REFLEXIONES

Deténgase, alma mía, en la lectura de este Capítulo, y mientras medita debidamente la vasta e infinita importancia de la justa ley de Dios, pronunciada con tan terrible solemnidad en el monte Sinaí; aprenda aquí para contemplar con creciente gozo y agradecimiento, esa garantía preciosa, bendita, santa, que cumple la ley, que satisface la ley; el Señor Jesucristo, que ha respondido a todas sus demandas, y por ello es el fin de la ley para justicia a todo aquel que cree.

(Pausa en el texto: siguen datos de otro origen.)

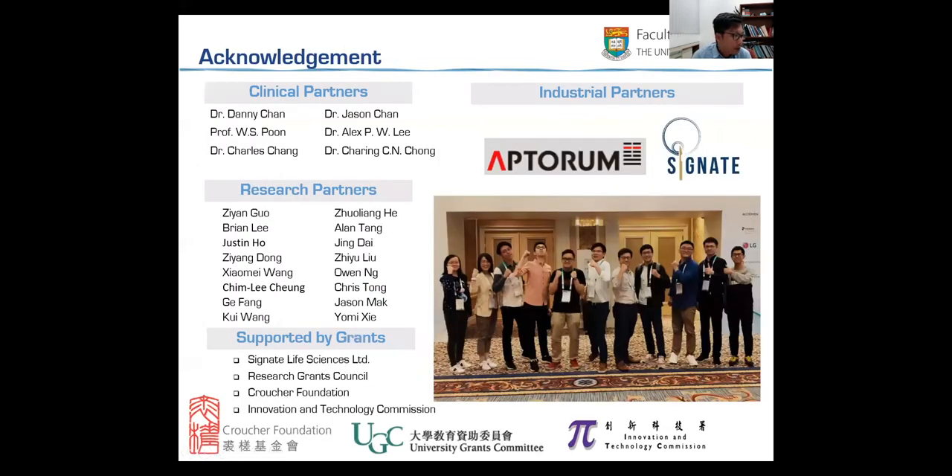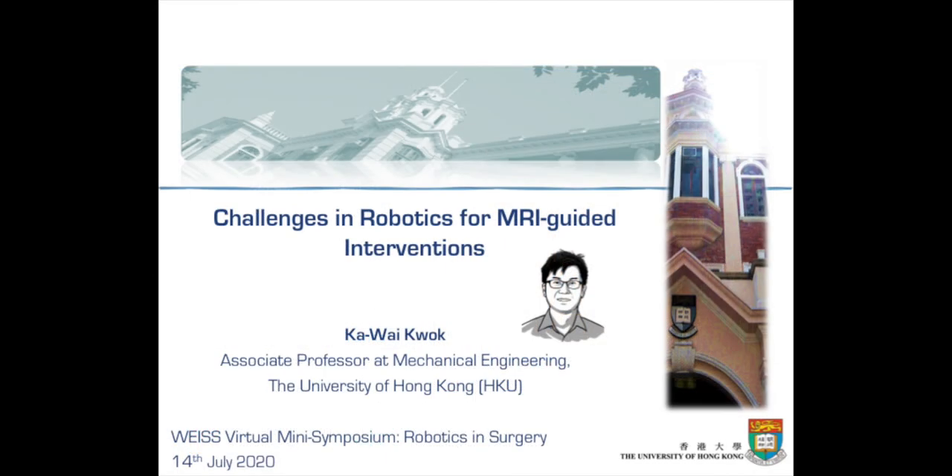Last but not least, without my team and my funding agency, I would never have had a chance to touch these research opportunities. Thank you to them. That's all for my presentation — I hope you enjoyed it. Thanks very much.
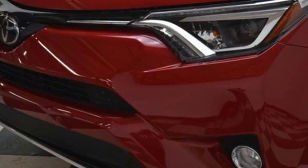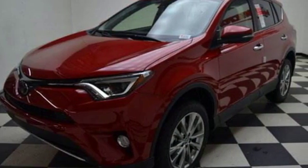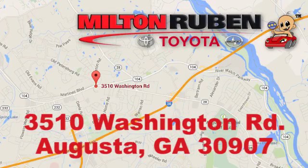This RAV4 is ready to take you on the next great journey. Are you ready for the ride? Take it for a test drive today. Call, click, or stop into Milton Rubin Toyota. We're easy to find at 3510 Washington Road in Augusta, Georgia.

Y bajo todas las profundas convicciones de la mente, que hieren en el recuerdo de las múltiples transgresiones cometidas por el pensamiento, la palabra y la obra, contra la ley de Dios; aprendan a bendecir a Dios con cada vez más alabanzas, ante cada vista renovada de aquel que nos redimió de la maldición de la ley, hecho por nosotros maldición. Y ¡oh! Tú, amado Redentor, enséñame, por las dulces influencias de tu gracia en mi corazón, a valorar esos privilegios inestimables que, por tu gran empresa, tanto al hacer como al morir, me has procurado, de acercarme siempre a mi Dios. y Padre, en tu sangre y justicia.

Bendito sea Dios, el límite que retenía al pueblo, se elimina. Nuestro Dios ya no manifiesta su presencia en las señales espantosas del sonido de la trompeta y la voz de las palabras. No hemos venido al monte que ardía con fuego, ni a la oscuridad, ni a las tinieblas, ni a la tempestad. Pero hemos venido a Jesús, nuestro Jesús, el Mediador del nuevo pacto; ya su preciosa sangre rociada. ¡Oh! por la guía constante de Dios el Espíritu Santo, para que podamos tener un acercamiento constante, declarado, diario, cada hora, de esta manera nueva y viva, hasta que lleguemos a la fuente de las misericordias, al trono de Dios y el Cordero, para servirle en su templo día y noche.